During a heated session last Thursday, lawmakers expressed outrage about the inconvenience and business hardships caused by the frequent outages.
There were calls to break up the monopoly and rid it of embedded cartels. .
Vihiga Senator George Khaniri complained that recurrent power outages in his home county are causing disruptions in the economic and social activities.
“If we look at Vision 2030, we cannot become an industrialised country with these power outages. That will be a pipe dream,” Senate Speaker Ken Lusaka said. He directed the House committee on Energy to summon the CS and top officials of the power supplier.
Wajir Senator Abdullahi Ali said that Kenya Power had failed Kenyans by collecting money in utility bills but failing to deliver services.
Kisumu Senator Fred Outa said the major problem of Kenya Power is the cartels embedded in the company.
For instance, Outa said, if today any investor or any Kenyan wants to bring an alternative solution to provide enough power for the country to grow, you will not be able to break that cartel.
“There is a cartel in Kenya Power not only causing outages of power. It is high time we wake them up so we get rid of the Kenyans who have embedded themselves as cartels to allow us develop this county," he said.
Nyamira Senator Okong’o Omogeni said supplier needs to be privatised.
“If we go down memory lane, we know that privatisation has made life easier for many Kenyans," he said.
"If we never allowed companies like Safaricom and Airtel to set foot in Kenya, we would not be having access to communication through mobile phones the way we are do."
Omogeni said unless the problem of the monopoly by Kenya Power is solved, the country will continue to suffer outages.
He said if Kenya allowed liberalisation, "we will be surprised that we will access power more cheaply than we get from Kenya Power today."
“Why are we not opening up this sector by inviting other investors to come and provide reliable and cheap electricity to Kenyans?" he asked.
Migori Senator Ochillo-Ayacko said despite the power utility being supported heavily by the Treasury to improve services, it is unable to end the blackouts.

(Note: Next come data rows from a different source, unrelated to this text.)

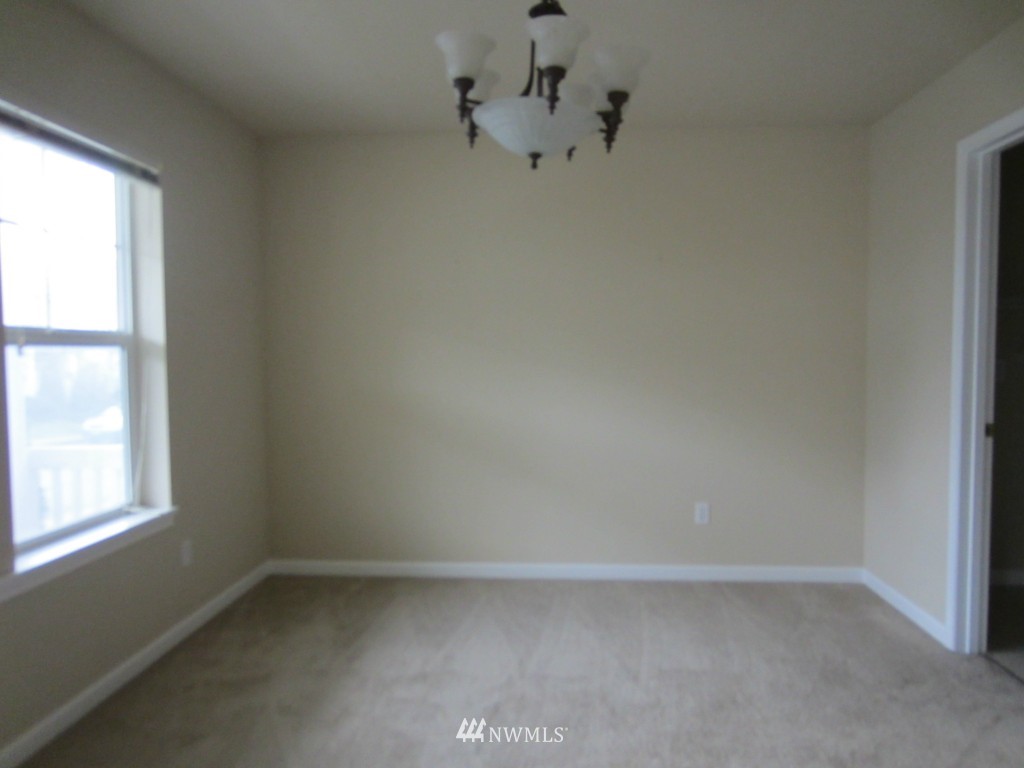 227 Ferndale Court Northeast Renton, WA 98056 - Photo 3 of 15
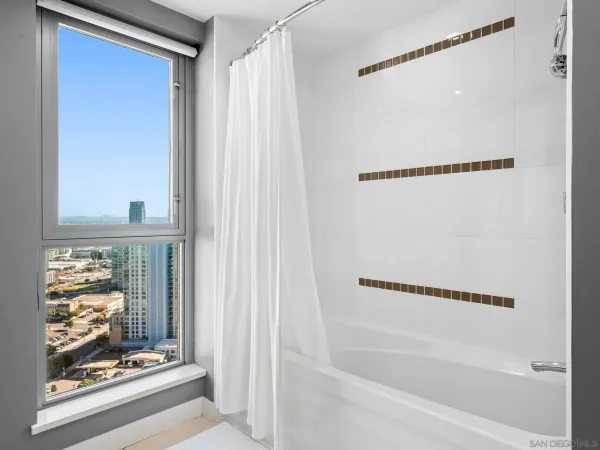 $4,995 | 1441 Ninth Avenue, Unit 2401, San Diego, CA 92101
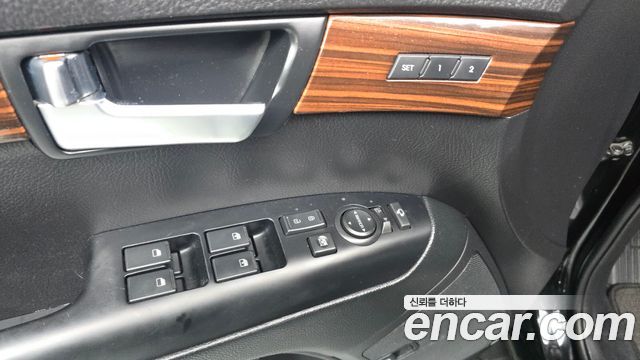 Kia Mohave 2018 — photo 28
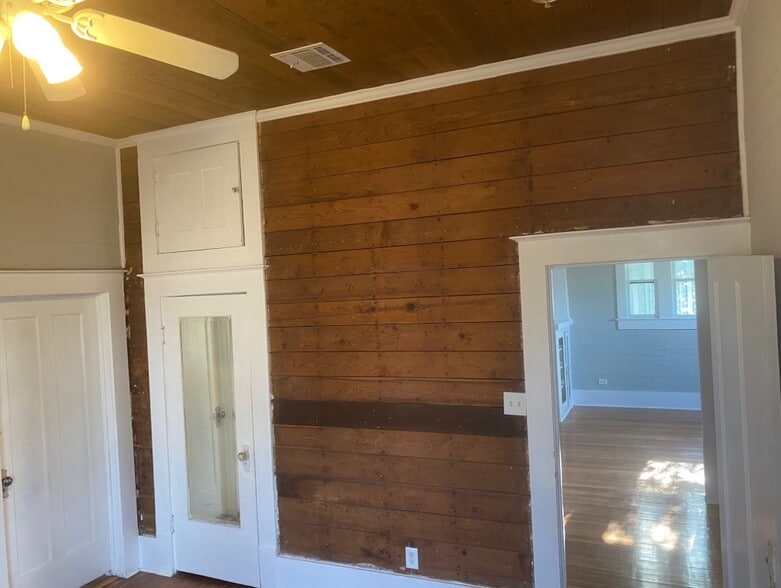 More Photos Of 1502 Buena Vista Rd, San Antonio Loft Creative Space For Sale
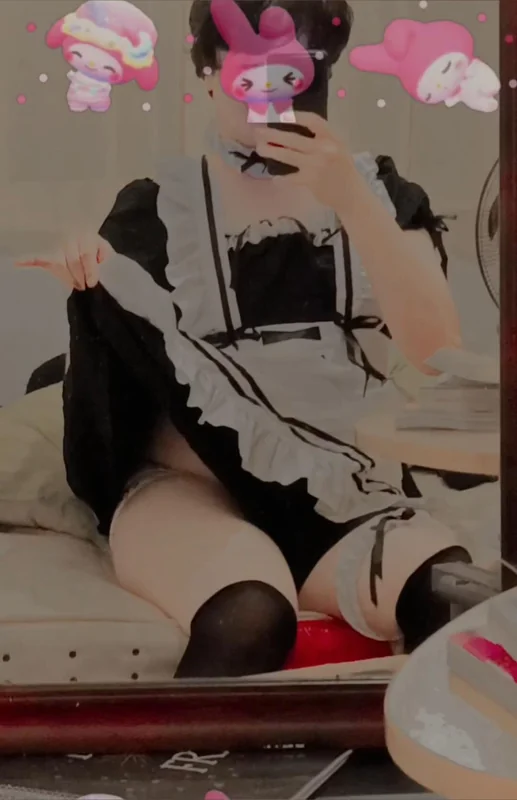 Megumin23🎀 OnlyFans playful femboy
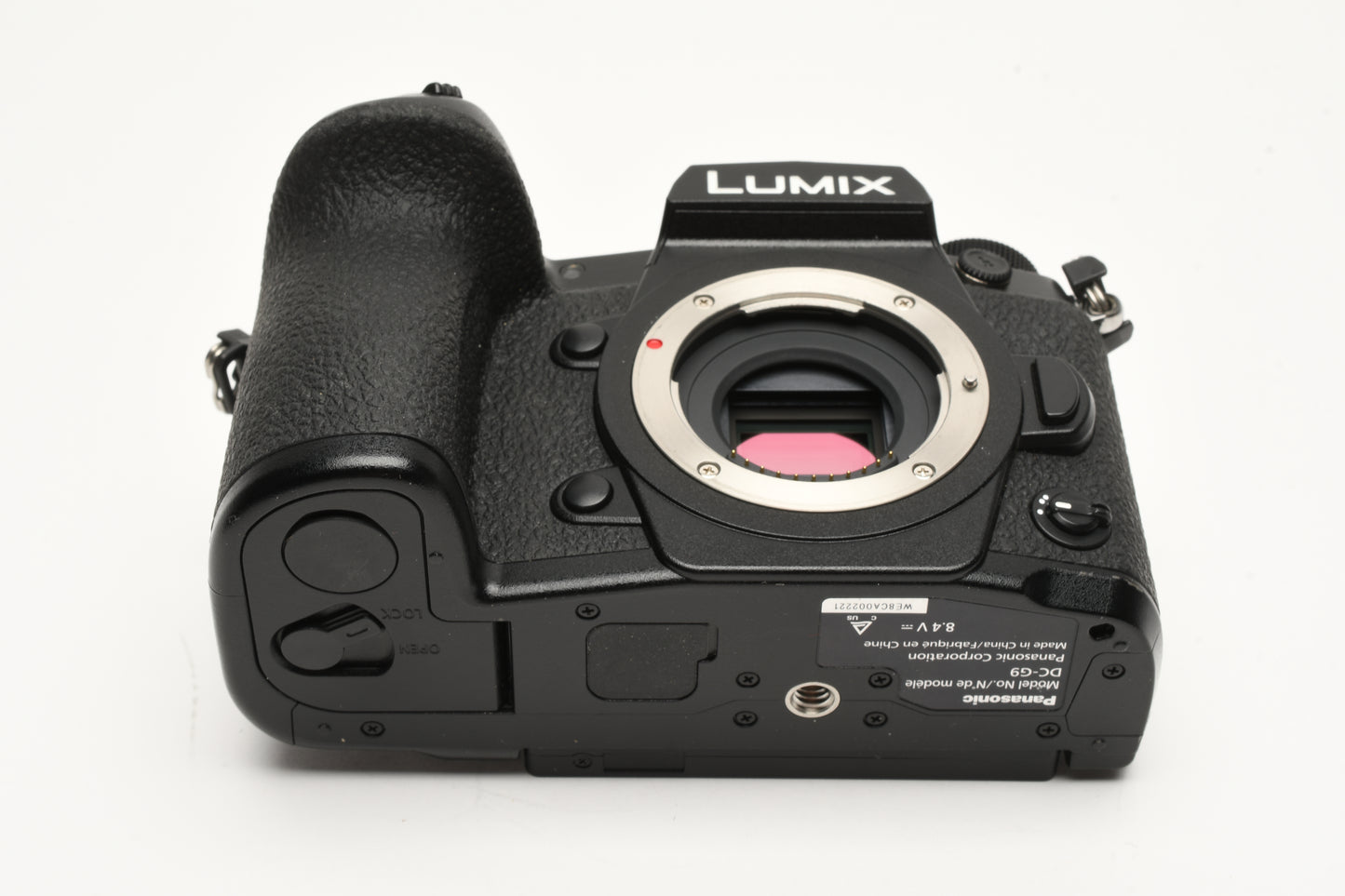 Panasonic Lumix DC-G9 Body, 2X batts, charger, strap, 22K Acts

Ayacko, who served as Energy Minister, said during his term at Nyayo House, he discovered KPLC suffers from two kinds of losses. One is technical leading to power outages. One is commercial, making it money-loser.
“They are good at disconnecting people’s power supply but not responding to their requests. Year in, year out, the plead with the government to give them our money to guarantee loans they have taken," the senator said.
Meru Senator Mithika Linturi said despite many resources channelled to Kenya Power through various agencies to ensure power distribution efficient and accessible, the company is not many profits but losses.
“We do not expect this to change in the near future," he said "The country is waiting to see what will be done beyond the power outages,” Lithuri said, adding power bills are too expensive.
“The economy is doing badly and our hustlers down there are unable to access or pay for power. They are being disconnected every time and so they cannot run their kiosks,” Linturi said.